High-Yield Restaurant Brands Is Ripe For Reversal
Restaurant Brands International (NYSE: QSR) is a uniquely organized restaurant corporation with both dine-in and fast-food establishments in the mix. This positioned it well for the pandemic because strength in one was able to offset weakness in the other and now both segments are back on track for growth. What is also unique about the company is that today, when so many corporations are facing mounting headwinds due to the global supply chain crunch, Restaurant Brands isn’t.
Well, not exactly anyway. The company says COVID-related hurdles remain but are impacting the company at a diminished rate compared to last year and that is padding the bottom line. While the Q3 results are mixed and have shares moving lower, the earnings, the outlook, and the dividend are all as bullish as they can be and have the company set up for reversal in the very near future.
“While the impact of COVID-19 on system-wide sales growth, system-wide sales, comparable sales and net restaurant growth was significant for the three and nine months ended September 30, 2020, in the 2021 periods these metrics were affected to a lesser extent, with variations among brands and regions,”
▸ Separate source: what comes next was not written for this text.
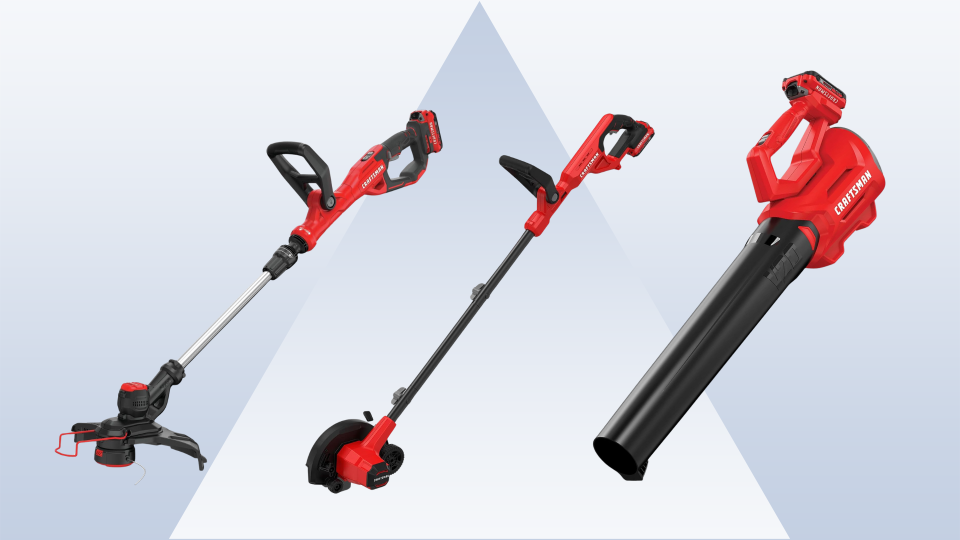 Craftsman tools; weed eater, edger, leaf blower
Restaurant Brands Returns To Growth
Segment results for Tim Horton’s are still trailing the pre-pandemic level but strength in Burger King and Popeye’s Louisiana Kitchen are more than making up the difference. The company reported $1.5 billion in consolidated revenue which is good for a gain of 11.9% over last year and 5% over 2019. The only bad news is that revenue missed the Marketbeat.com consensus by 130 basis points. The strength was led by Tim Horton’s with an 8.9% increase in comps over last year and a 4.10% increase in store count. Burger King also posted strong gains at up 7.9% organically but the store gain was smaller. Popeye’s, which grew 17% last year, fell -2.4% but that should be expected in the shadow of last year’s Chicken Wars.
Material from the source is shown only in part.